---- DATA
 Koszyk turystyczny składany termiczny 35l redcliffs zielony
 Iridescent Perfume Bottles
--------
---- DATA
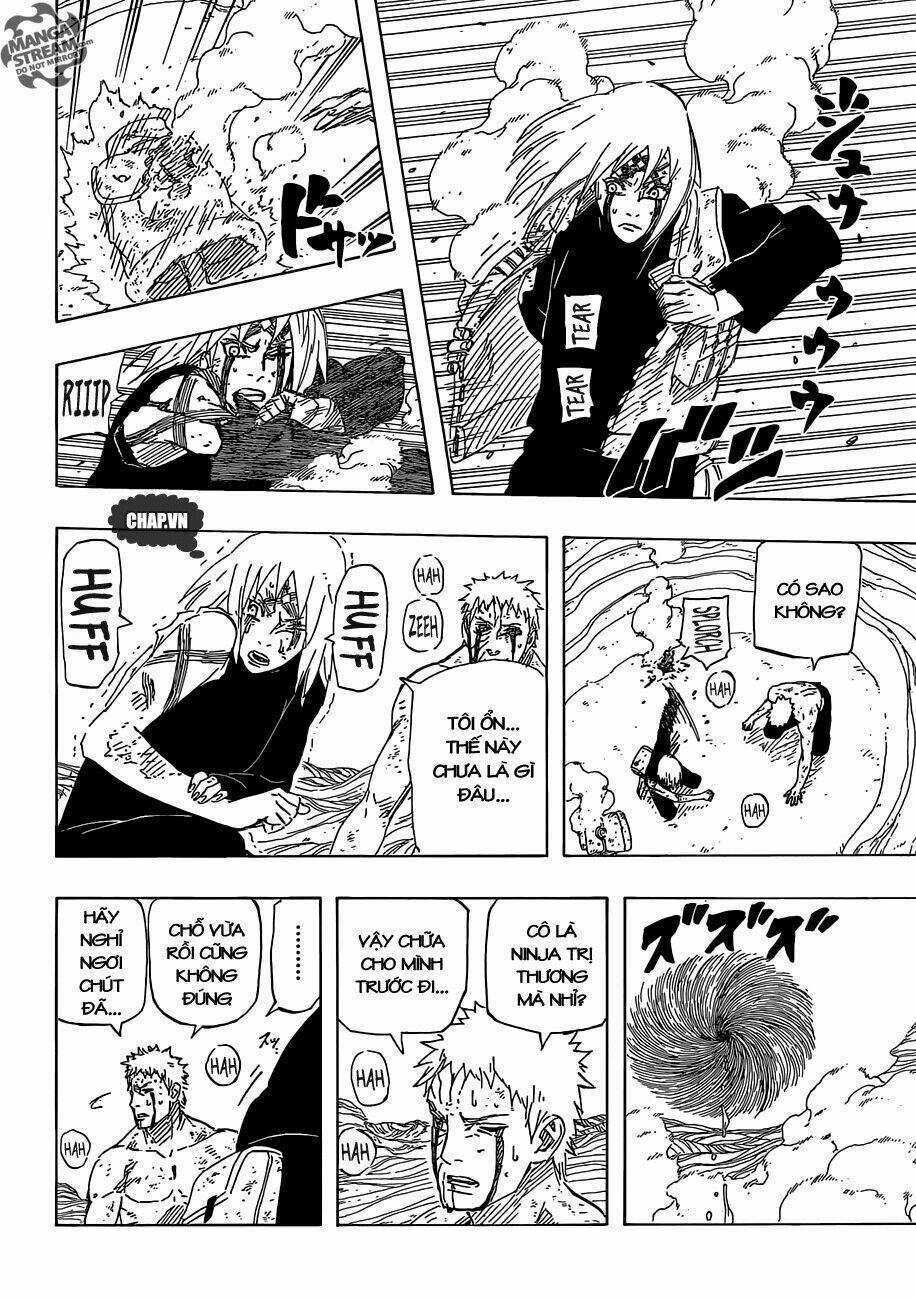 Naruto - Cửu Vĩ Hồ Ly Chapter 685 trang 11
--------
**YOUR INSTRUCTIONS**
Please reproduce the lines from the line with "Koszyk turystyczny składany" to the line with "Iridescent Perfume Bottles", both ends included, exactly as they appear above.

**ANSWER SECTION**
 Koszyk turystyczny składany termiczny 35l redcliffs zielony
 Iridescent Perfume Bottles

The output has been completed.